**WORK TO COMPLETE**
Each line from the one containing "Dijual Rumah Mewah" to the end of the records should be copied exactly, and no other line.

**MATERIAL FOR THIS TASK**
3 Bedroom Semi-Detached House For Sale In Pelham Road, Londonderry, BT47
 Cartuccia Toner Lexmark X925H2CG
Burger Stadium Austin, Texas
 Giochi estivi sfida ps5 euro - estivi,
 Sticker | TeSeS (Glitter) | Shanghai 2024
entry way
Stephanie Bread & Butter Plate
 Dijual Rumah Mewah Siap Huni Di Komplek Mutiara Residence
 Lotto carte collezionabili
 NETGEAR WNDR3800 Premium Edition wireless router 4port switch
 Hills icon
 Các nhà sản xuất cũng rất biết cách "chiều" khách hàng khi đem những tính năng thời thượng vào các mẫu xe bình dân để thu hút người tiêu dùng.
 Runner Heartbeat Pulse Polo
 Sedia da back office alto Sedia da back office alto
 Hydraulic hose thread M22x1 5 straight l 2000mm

**EXPECTED ANSWER**
 Dijual Rumah Mewah Siap Huni Di Komplek Mutiara Residence
 Lotto carte collezionabili
 NETGEAR WNDR3800 Premium Edition wireless router 4port switch
 Hills icon
 Các nhà sản xuất cũng rất biết cách "chiều" khách hàng khi đem những tính năng thời thượng vào các mẫu xe bình dân để thu hút người tiêu dùng.
 Runner Heartbeat Pulse Polo
 Sedia da back office alto Sedia da back office alto
 Hydraulic hose thread M22x1 5 straight l 2000mm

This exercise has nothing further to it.